Остался ли у нашего народа дух? Иногда кажется, что нет. Страх притупил всё: совесть, чувство чести, мысль.
Литература всё ещё остается совестью и мыслью народа, его живой душой: А. Солженицын, Ю. Трифонов, В. Белов, В. Астафьев, В. Распутин…
Для чего существует литература? Конечно, для души, ответит каждый. Но душе нужно сегодня одно, завтра другое. И литературу ей подавай разную. Как быть? В настоящей литературе быстротекущее должно отражать вечность.
Самоограничение ― источник духовного роста. Это давно известно. Но не всем. Истина никогда не бывает всеобщей. Самоограниче6ие ― рычаг архимедов. С юности искал я этот рычаг самоограничения и в то же время искал удовольствий.
Бывает, что человек расплывается в желаньях и топит в них свою душу. И наоборот: всю силу свою устремляет в одну точку и поворачивает что-то… и ломает. Сила оказывается не в тех руках.
Дух
Дух ― это то, что над человеком витает, чем он пахнет. И если человек весь в заботах вещественных, земляных, то какой дух от него? И если так веками: заботы о пище, о животе, обманы, хитрости… И если много таких? И среди них, как среди гробов невапленных, ходят несколько живых душ, задыхающихся от смрада, как огоньки свечи в затхлом склепе?
Ложь
Всякий лгущий живёт двойной жизнью. Сначала это тяжело, для некоторых даже непереносимо, потом мало-помалу становится привычным.
Трагедия
Всё больше склоняюсь к мысли, что жизнь человеческая ― трагедия без всякого высшего смысла. Все ценности жизни здесь, на земле. И вера тоже только земная ценность.
В сущности, как одинок человек! И какое это редкое счастье ― найти близкую преданную душу. И как надо беречь это редкое счастье. И несчастье тоже. Ибо рано или поздно придётся расстаться. И тут надо смотреть так, что близкий человек вышел куда-то, а в душе оставшегося он продолжает жить.
На лавочке рядом человек с юга. Хочет знать, как устроить сына в институт. «У нас такие дела делаются просто ― дал сто рублей, и дело сделано». Говорит об этом не стесняясь.
Так у меня было: сначала интерес к человеку другого народа, потом неприятно. Встал и ушёл.

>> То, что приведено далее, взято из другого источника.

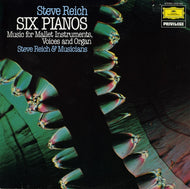 STEVE REICH / SIX PIANOS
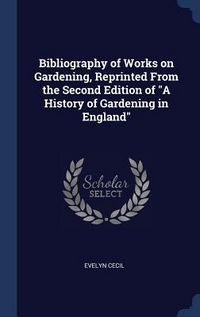 Produktbild: Bibliography of Works on Gardening, Reprinted From the Second Edition of "A History of Gardening in England"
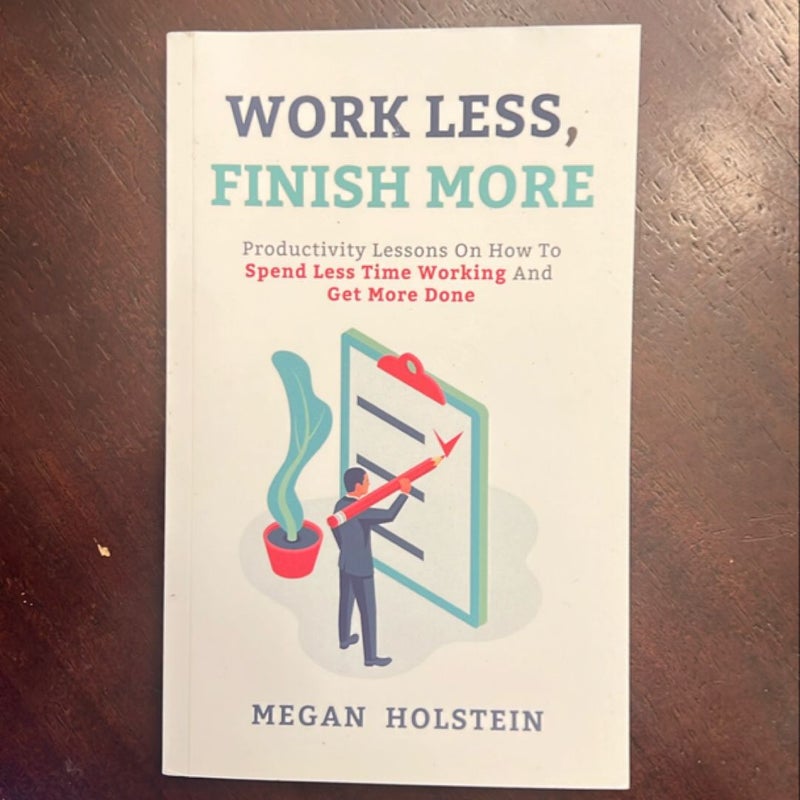 Work Less, Finish More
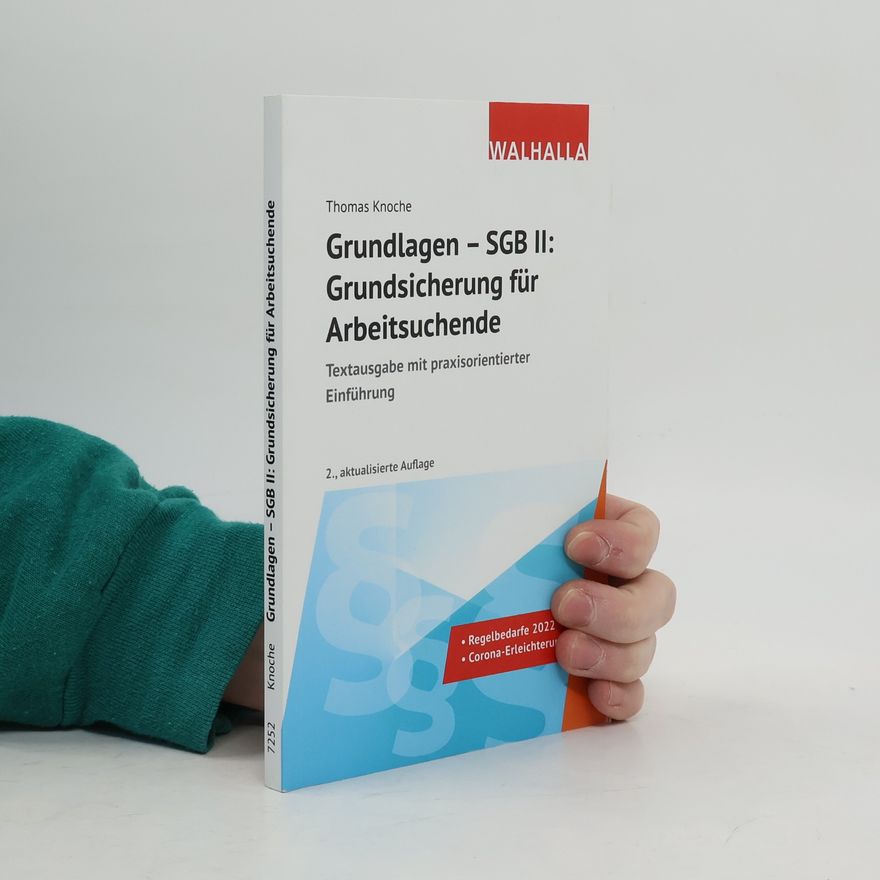 Thomas Knoche Grundlagen - SGB II: Grundsicherung für Arbeitsuchende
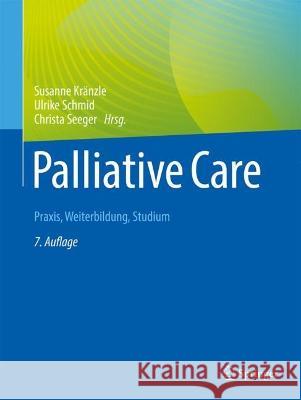 Palliative Care: Praxis, Weiterbildung, Studium Susanne Kr?nzle Ulrike Schmid Christa Seeger 9783662660423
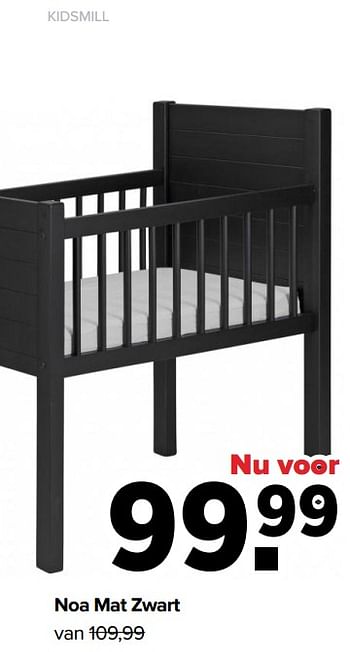 Aanbiedingen Noa mat zwart - Kidsmill - Geldig van 29/08/2022 tot 24/09/2022 bij Baby-Dump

О, Кейси как-то сказал, что пьесы пишутся не для того, чтобы их изучали, а для того, чтобы их смотрели и наслаждались. То же можно сказать о литературе вообще.
А человек живёт не для того, чтобы над ним экспериментировали.
Искусство же существует не для того, чтобы от него чего-то требовали, а для выражения художественного чувства.
Золотые яблоки
Золотые яблоки висят в саду счастья, как в детских снах. Как хорошо тянуться к ним и срывать иногда! Но я так давно не был в райских садах!
Перекличка
Мой ранний рассказ о любви написан под влиянием и как прямая перекличка с пришвинскими страницами дневников и его романа «Жень-Шень», как моя вариация на ту же тему. Так сошлось тогда, что своё, пережитое я мог выразить только такими словами.
– – Как должна была, наверное, быть счастлива женщина, любимая такой любовью, – сказала мне одна дама, прочитав мой рассказ.
А, между тем, девушка даже вряд ли знала о моём чувстве к ней, хотя, может быть, и догадывалась. Но счастливой себя от этого вред ли чувствовала. Даже не очень замечала меня. Была увлечена каким-то красавцем, много танцевала с ним на площадке городского сада.
Так получилось, что я не только своё узнавал в чужом, но у меня и в жизни было почти то же самое.
Перед сном стихи И. Анненского. Ночью, во сне, в какой-то далекой, не похожей на нашу, стране; чувствовал себя счастливым. Может быть, это была страна, которую я ношу в своей душе как обещание и возможность лучшей жизни. Уже перед утром в полусне строчки:
Во сне река чувств текла свободно ― и это было счастье. При пробуждении внешний мир сразу стал вставать препятствиями. Так, наверное, и в творчестве. Когда пишешь, освободившись от преград, чувствуешь себя счастливым. Одни пишут в грёзах и для грезящих. Это волшебники. Другие ― трезво, для тех, кто трезво читает. Это реалисты.
К пишущим, но не пробившимся в издательства или в Союз писателей, у нас относятся как к людям второго сорта. Каждая рецензия, каждый отказ в признании – способ ещё раз унизить, указать им место в углу. Будь ты хоть семи пядей во лбу, без членского билета, без бумажки сам по себе ты ― ничто. Зато ничтожество со степенью ― шишка. Его величают, чествуют. Так было, впрочем, во все времена и, вероятно, будет до Страшного суда.